Post by Dennis P Brown » Fri Jun 26, 2015 10:35 am

Your VDG current appears ok if you are measuring the current off the VDG dome - not sure if that is what you are doing. If you are measuring the current from the "target" that may not be advisable since you are just picking up some free ions in the plasma. Not the same as the VDG current.

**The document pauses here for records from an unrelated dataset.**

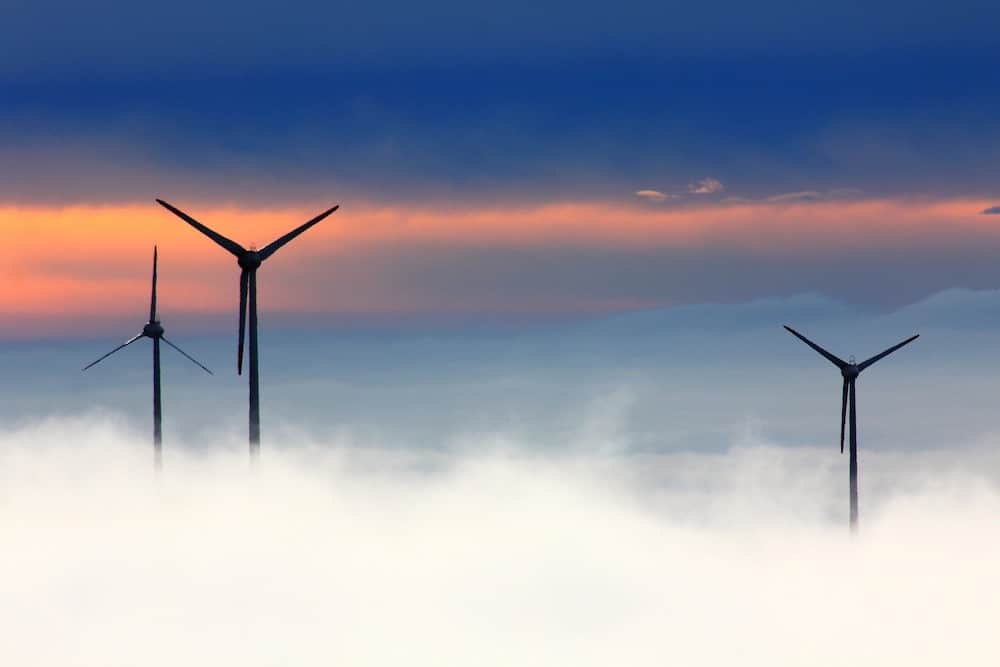 hdt-journal_Nachbericht_Baugrunderkundung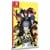 Shin Megami Tensei Persona 4 Golden (Import) thumbnail-3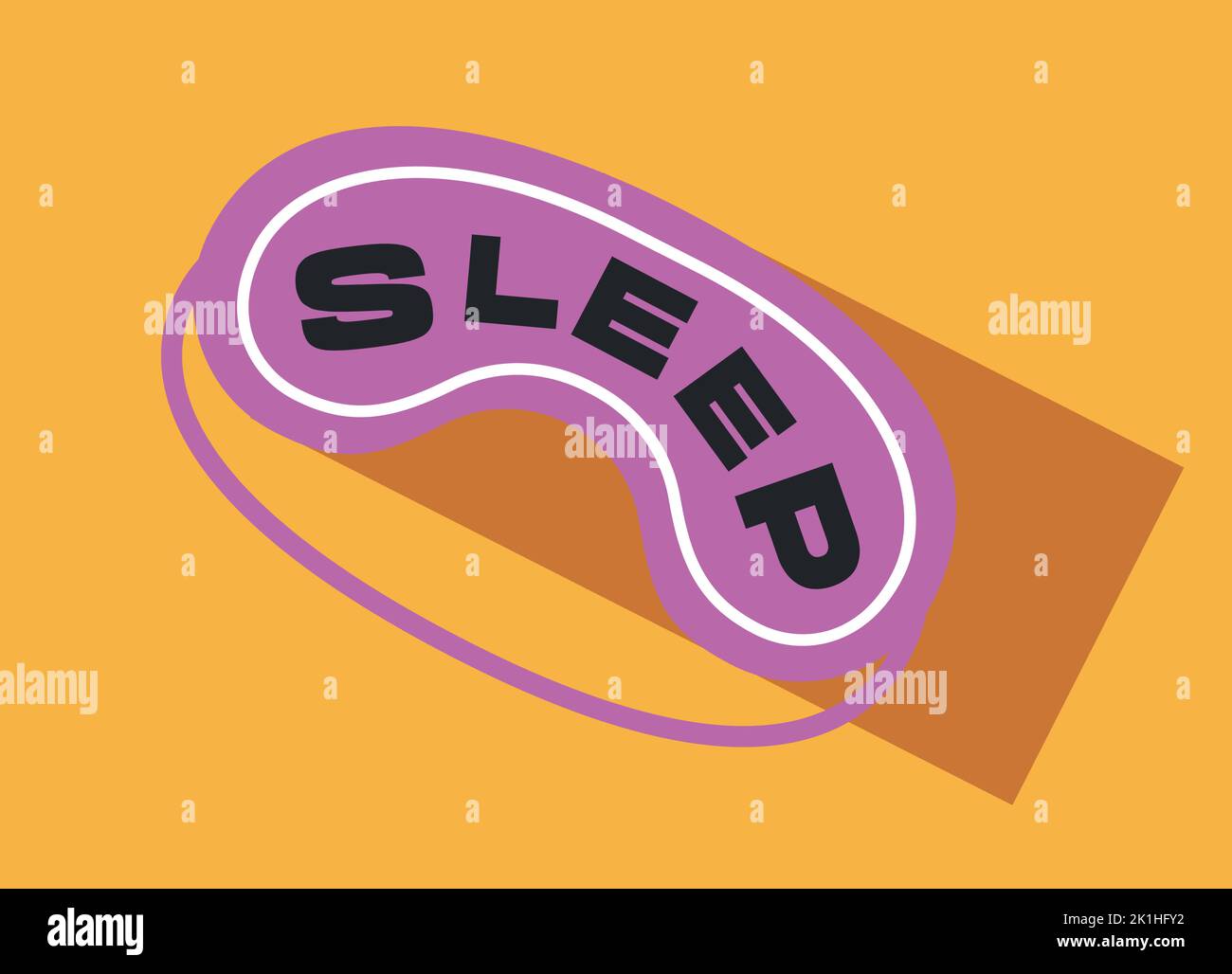 Travel stuff icon Stock Vector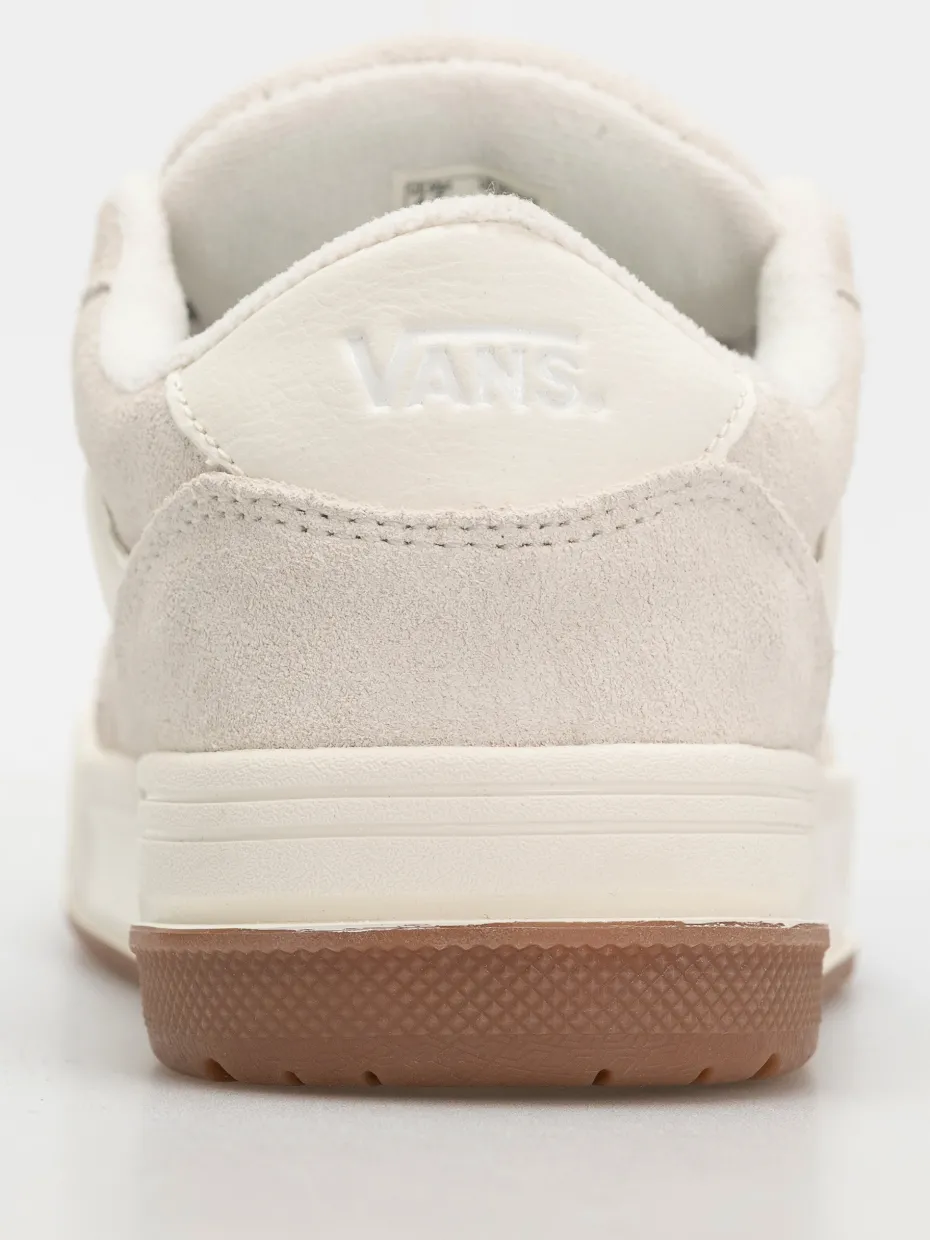 Vans Hylane Shoes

More of a concern is the vacuum, if your values are being given in the torr or Bar, MPa scale range (if just Pa, then you are fine.) You need a min of bottom 10-5 torr to not create a vast cascade of ions in the tube that will disrupt most of your beam (the mean free path of a proton at 10-4 torr is rather short (if memory serves, a few cm in the high end of that range and a few tens of cm in the bottom end of that range - either 10-4 torr range range is not sufficient for a nigh energy charged proton in a tube filled with other charged particles (the accelerator tube isn't an environment filled with mostly neutral particles)).) Even a small untrapped DP should get your device to 10-5 torr in a properly sealed system so it appears you have leak(s). The good news is that 10-4 torr one can then use either alcohol or a can of keyboard "dust off' aerosol to detect/locate the leak(s). Until then, you are wasting your time. By the way, your tube diameter appears large enough to internally install Einzel lens. These would vastly improve your beam focus once you get your vacuum to the bottom of the 10-5 torr or better still, 10-6 torr.
Aside: often, alcohol alone will reseal a leaky gasket after it is sprayed on the bad seal. Also, there are liquids sold that can be used to seal high vacuum joints to stop a small leak.